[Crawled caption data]
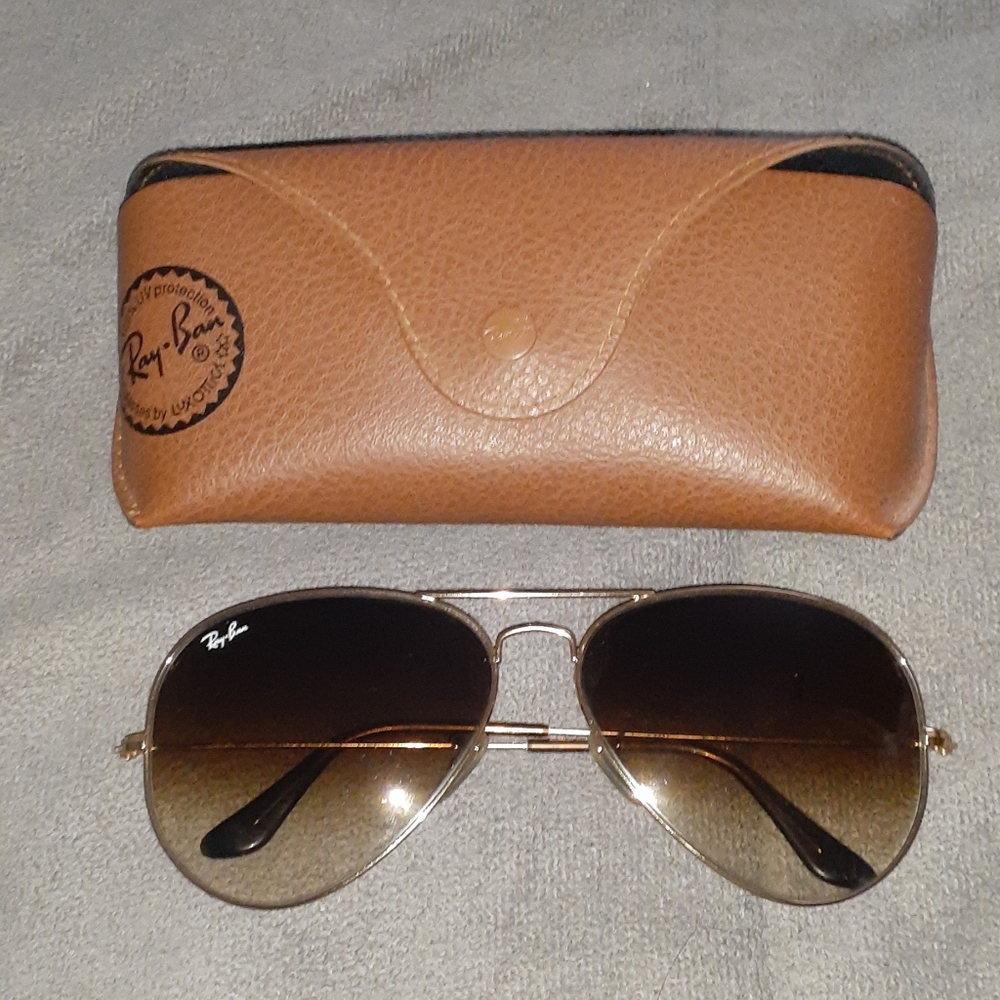 Ray ban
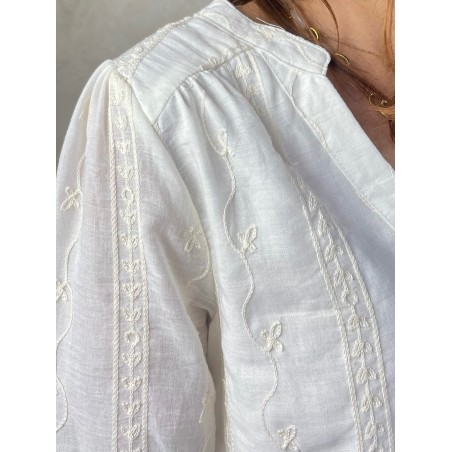 Chemise écrue broderie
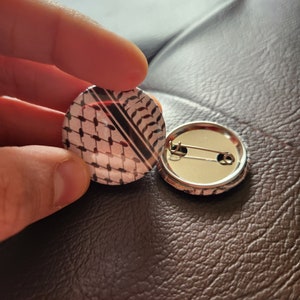 Small-Palestinian Kufiya pin 1.25 inches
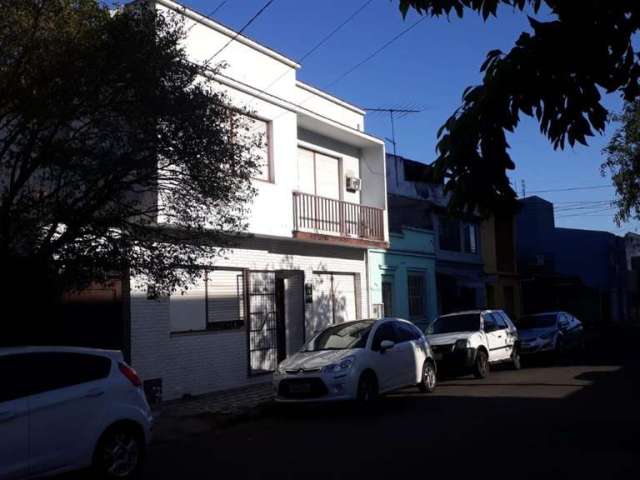 Casa com 3 quartos à venda na Rua São Francisco, 307, Centro, São Leopoldo por R$ 680.000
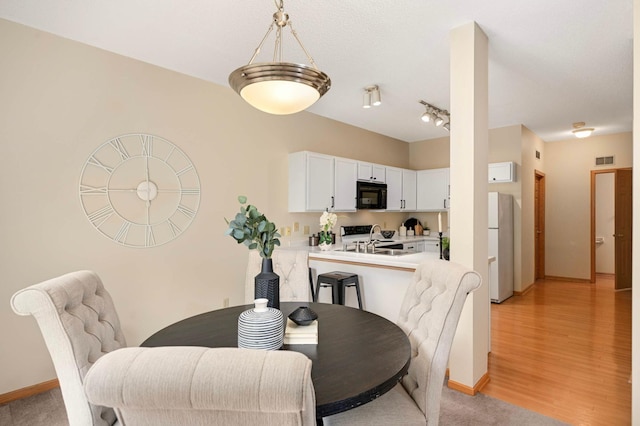547 Woodduck Dr Unit G, Woodbury, MN 55125 - dining area with baseboards and light wood-type flooring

**REQUIRED WORK:**
Reproduce exactly, and only, the lines from the one containing "Casa com 3 quartos" through the last line of the records above, both included, leaving out any pictures.

**SOLVED PROBLEM:**
 Casa com 3 quartos à venda na Rua São Francisco, 307, Centro, São Leopoldo por R$ 680.000
547 Woodduck Dr Unit G, Woodbury, MN 55125 - dining area with baseboards and light wood-type flooring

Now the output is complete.